L'enjeu est de dépasser le fiasco de Copenhague. Il convient de prendre des décisions à l'échelle non seulement européenne, mais aussi mondiale. L'Union européenne a-t-elle eu raison d'adopter des directives non contraignantes ? Les menaces sont aujourd'hui telles, non seulement sur l'homme, sur l'économie et sur les modes de développement, mais aussi sur les êtres vivants et sur les écosystèmes, que nous serons sans doute amenés à prendre des dispositions à caractère contraignant, voire autoritaire. Or comment amener à les faire accepter ? Comment concilier la réduction des menaces pesant sur nos petits-enfants ou nos arrières petits-enfants avec le respect de la démocratie ?

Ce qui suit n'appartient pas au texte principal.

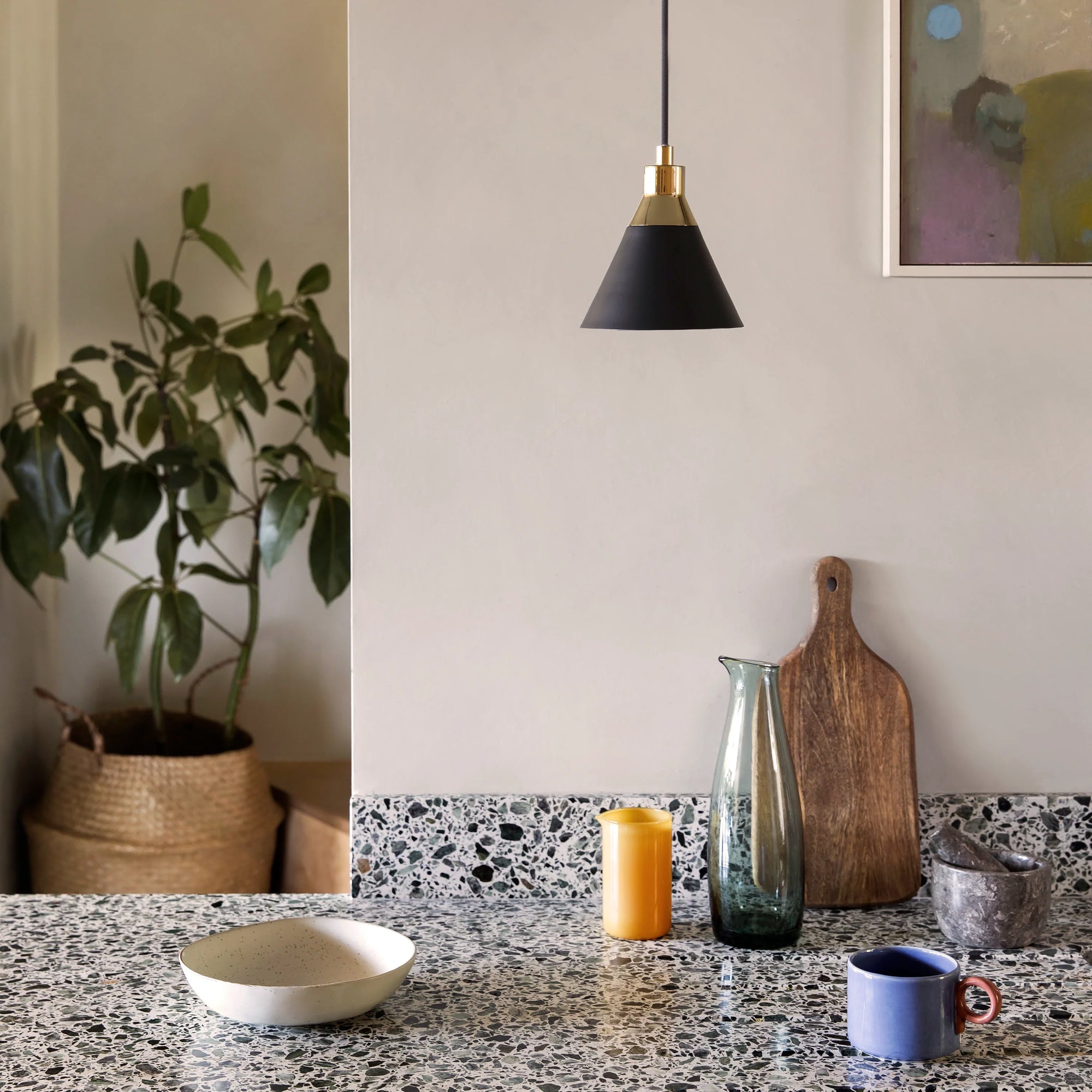 Charcoal grey cone pendent ceiling light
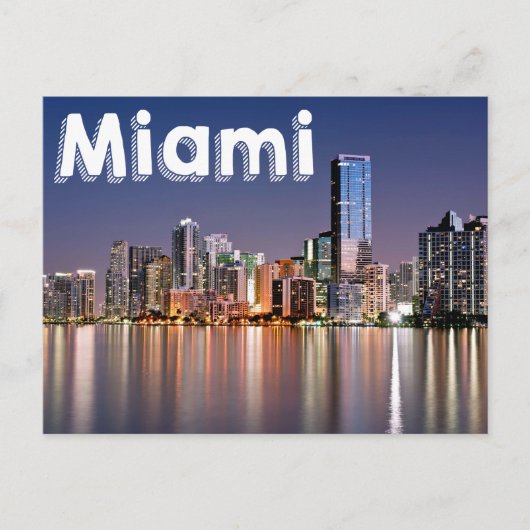 Miami Skyline At Night, Miami Florida, VS Briefkaart (Voorkant)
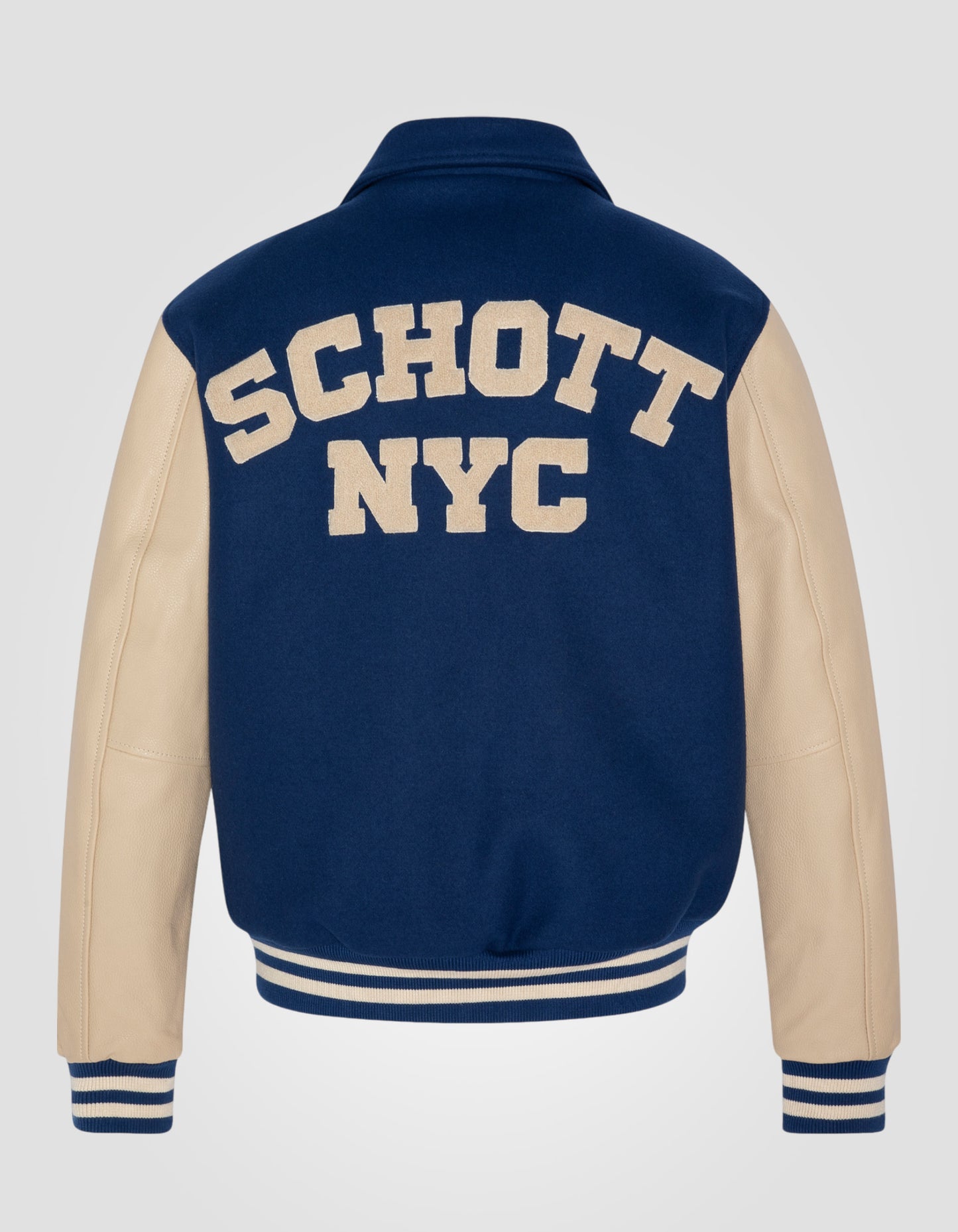 Varsity jacket with collar, cowhide leather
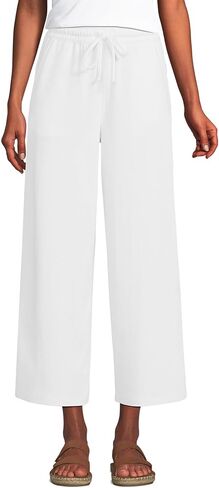 Lands' End Women's Sport Knit Pull On Drawstring Wide Leg Crop Pants in Kuwait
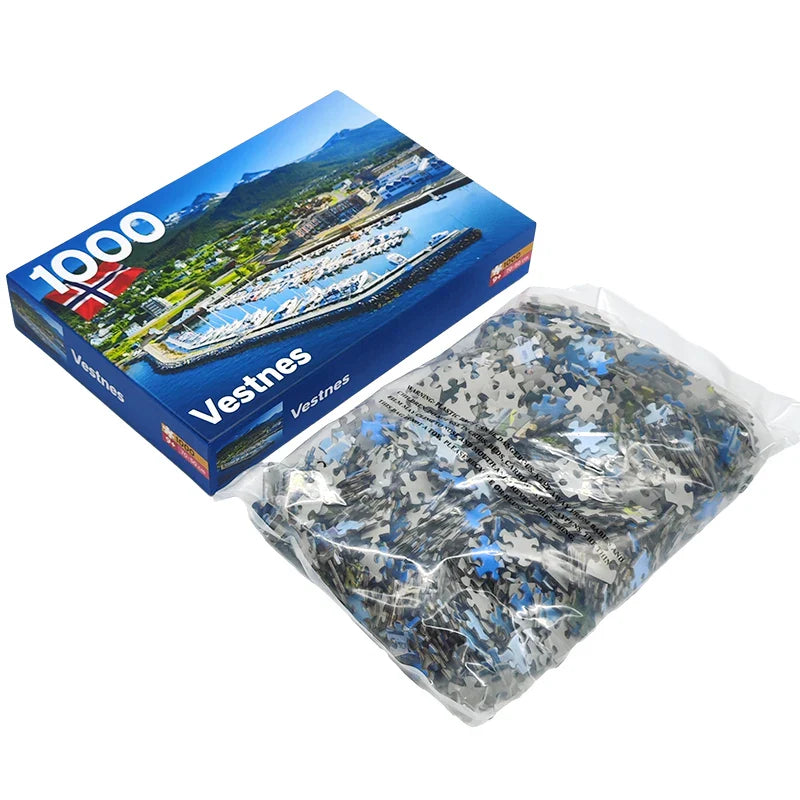 Customize Design Vestnes Landscape Child Paper Cardboard Educational Jigsaw Puzzle 1000 Piece Games for Adults Kids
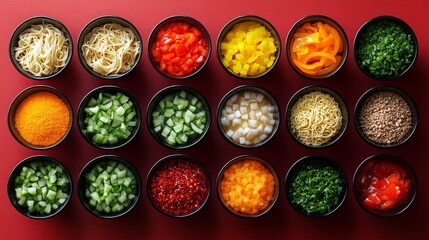 Brightly colored ingredients for making pizza, arranged in bowls on a red background. Suitable for blogs about cooking, recipes, restaurant menus.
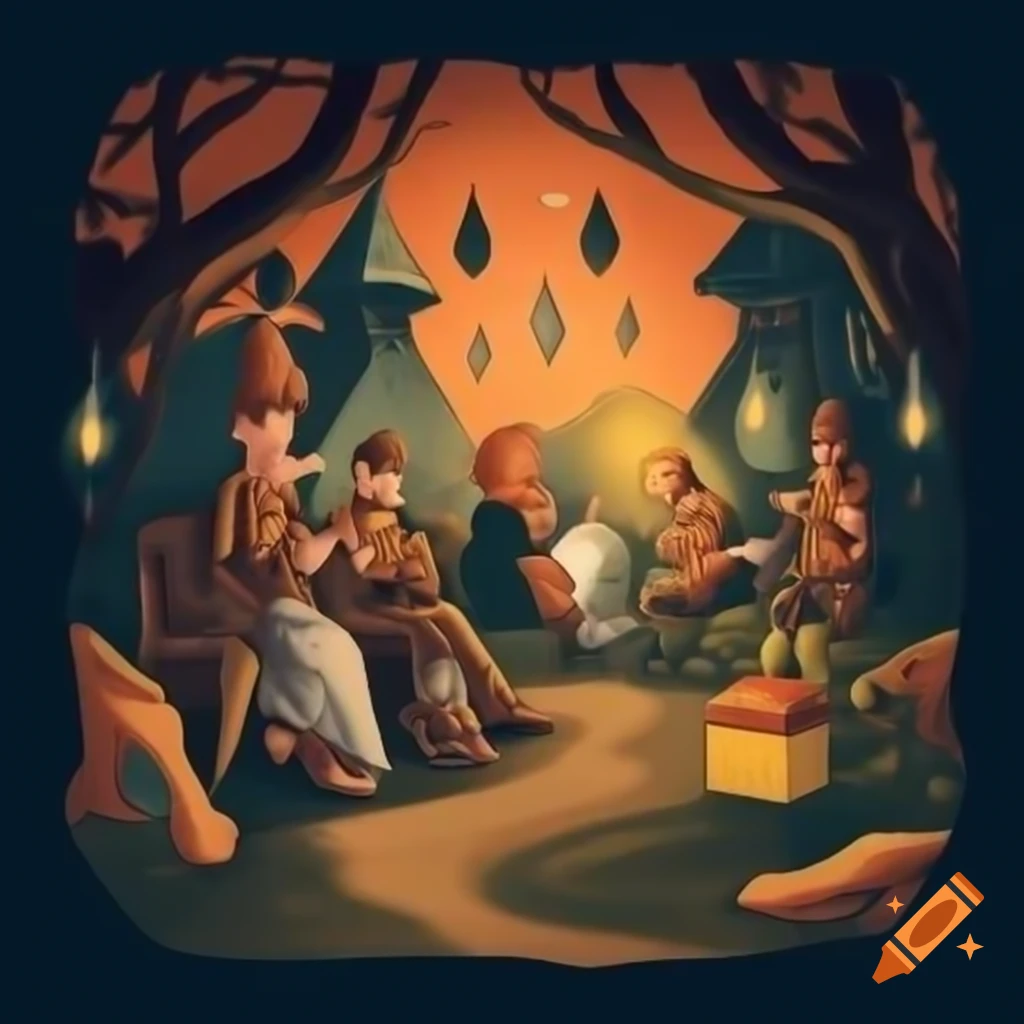 Elegant village scene in mystical forest with warm ambiance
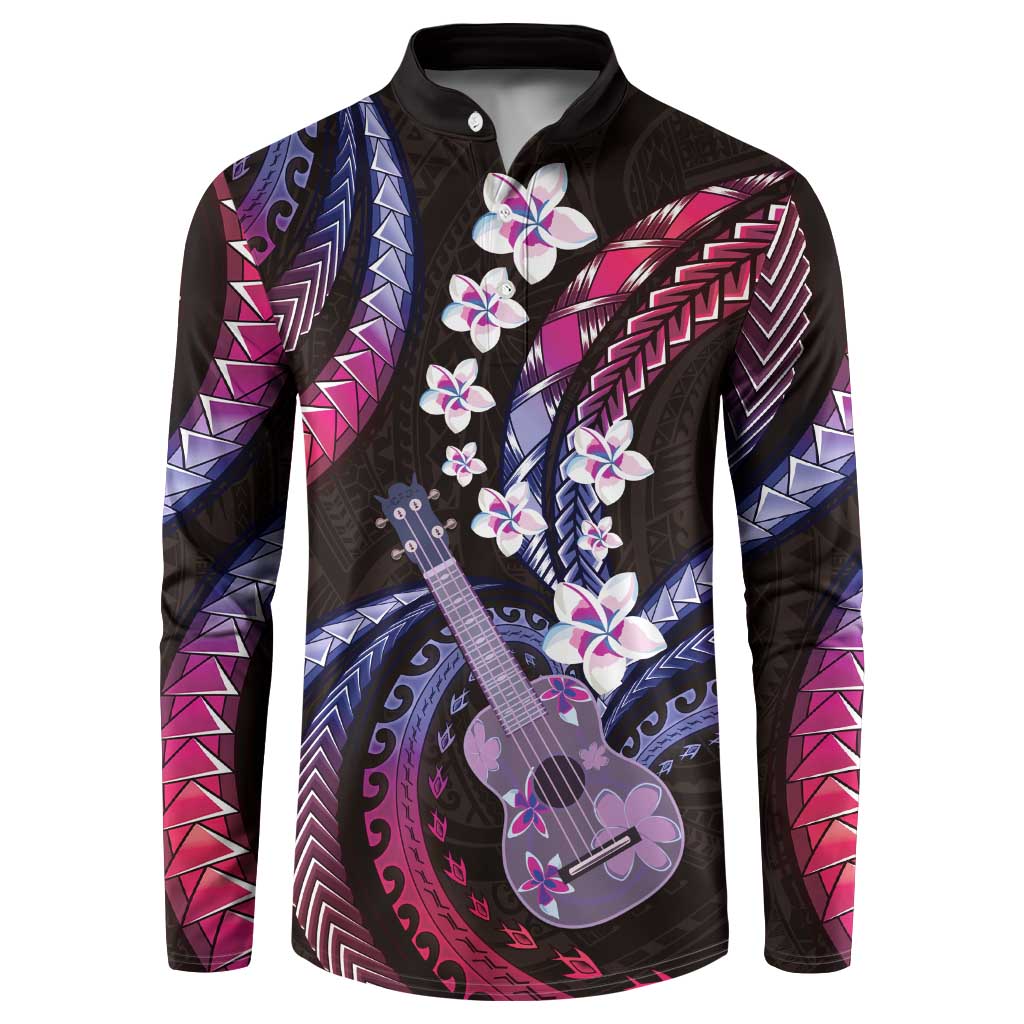 Hawaiian Ukulele Button Sweatshirt Sweet Dream Fantastic Plumeria LT01 Pink - Polynesian Pride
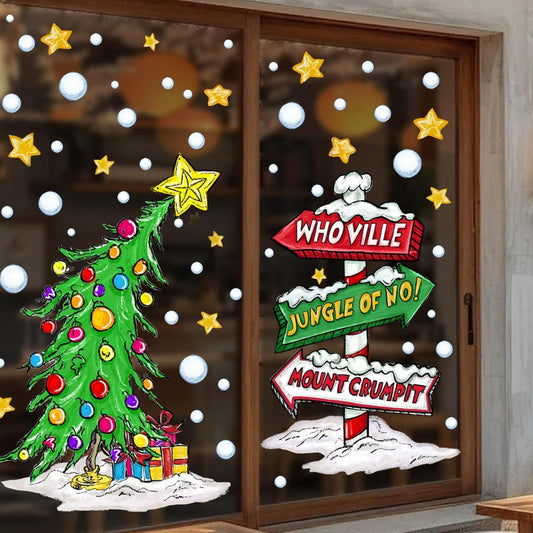 Christmas Window Clings Decorations,Extra Large Reusable Decals Rustic Curved Christmas Tree Arrow Yard Sign V1259-DP01-H-00094
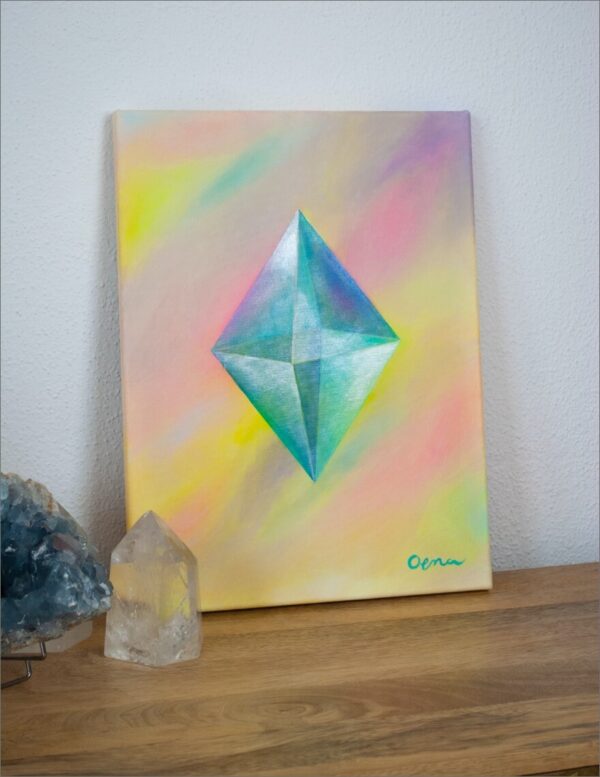 Spirituelle Kunst: Acrylbild auf Leinwand, heilige Geometrie, blau-grüner Oktaeder vor regenbogenfarbenem Hintergrund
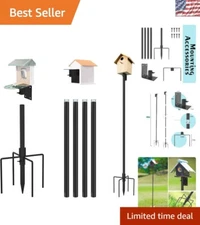 Heavy-Duty 80-Inch Bird Feeder Support Post with 5 Prongs for Outdoor Decor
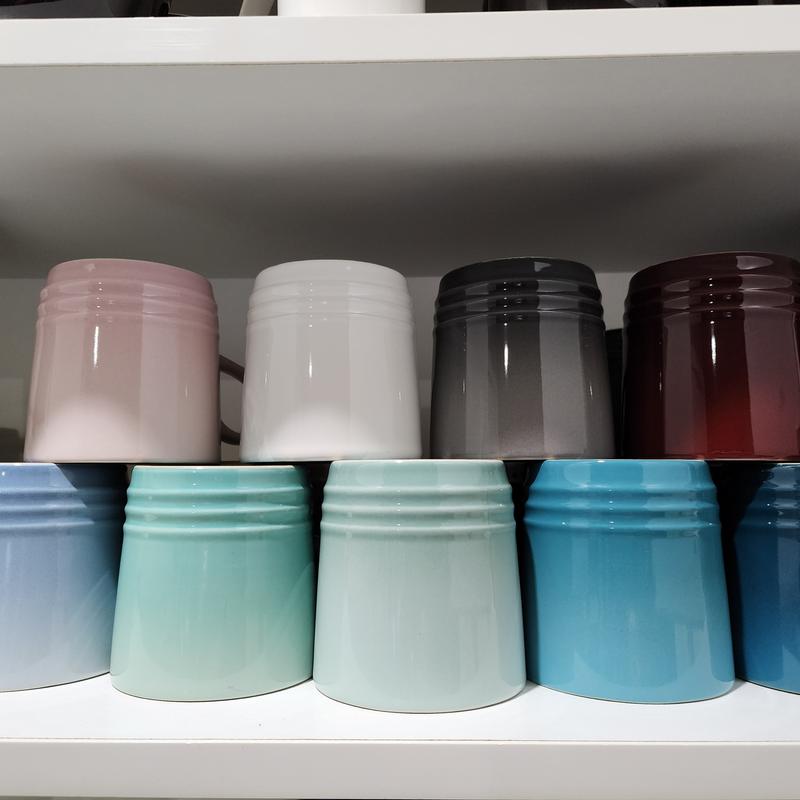 Set Cadeau Cuisine Premium Set De 6 Tasses à Cappuccino Le Creuset - Grès Émaillé 200ml - Arc-en-Ciel - Lavable Lave-Vaisselle Set 6 Tasses 200ml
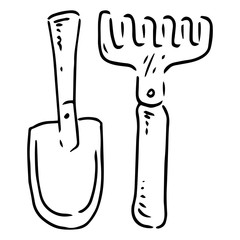 Set of gardening tools icon. Vector illustration of a shovel and rake. Hand drawn garden rake and shovel.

« Nous n'avons qu'un seul monde », disent à juste titre les écologistes. Les projections du GIEC mettent en lumière les interactions à l'échelle de la planète. Certaines parties du monde seront d'ailleurs victimes d'une double peine : les pays les plus vulnérables socialement seront aussi les plus touchés par les effets du bouleversement climatique. D'où les questions qui se posent en termes de développement, d'inégalités et de rapports entre les pays riches et les pays pauvres.

Le principal enjeu de la conférence Paris Climat est sans doute l'engagement des pays émergents. Nous avons une dette écologique à l'égard de ces pays, dont nous avons largement exploité les ressources. À cet égard, l'un des enjeux de demain est celui de l'extractivité des terres rares, qui entrent dans la composition de nombreux petits objets non recyclables. Cela nuance ce que l'on dit sur l'économie circulaire. Nous devrions également réfléchir à la question de la dispersivité. Reste que les pays émergents sont apparemment prêts à faire des efforts. Est-ce là, selon vous, une des clés pour l'avenir ?

Tous les ministres invoquent à l'envi la croissance, que l'on pensait pourtant une notion du passé. Afin de relancer l'économie, certains vont jusqu'à proposer de construire à nouveau des grands barrages, en contradiction avec les orientations que nous avons prises. Le Gouvernement a décidé de transférer 280 millions d'euros du budget de l'écologie à celui de la défense. Le projet de loi sur la transition énergétique n'en a que le nom : il s'agit seulement d'une stratégie « bas carbone », qui n'est pas à la hauteur des enjeux. Qu'en pensez-vous en tant qu'experts ? Une véritable transition énergétique implique un autre mode de développement, un changement de logiciel dans le fonctionnement de nos sociétés.

Enfin, on présente le gaz de schiste comme la solution, alors que le GIEC souligne, rapport après rapport, la nécessité de sortir des énergies carbonées. Même si nous disposions de millions de tonnes de gaz de schiste sous nos pieds, il ne faudrait pas les exploiter ! Êtes-vous d'accord avec cette réflexion ? Sans doute exciperez-vous de votre droit de réserve, en votre qualité d'experts. Mais quand l'homme est passé de l'âge de la pierre à l'âge du fer, ce n'est pas parce qu'il manquait de pierres : il a purement et simplement basculé dans un autre modèle.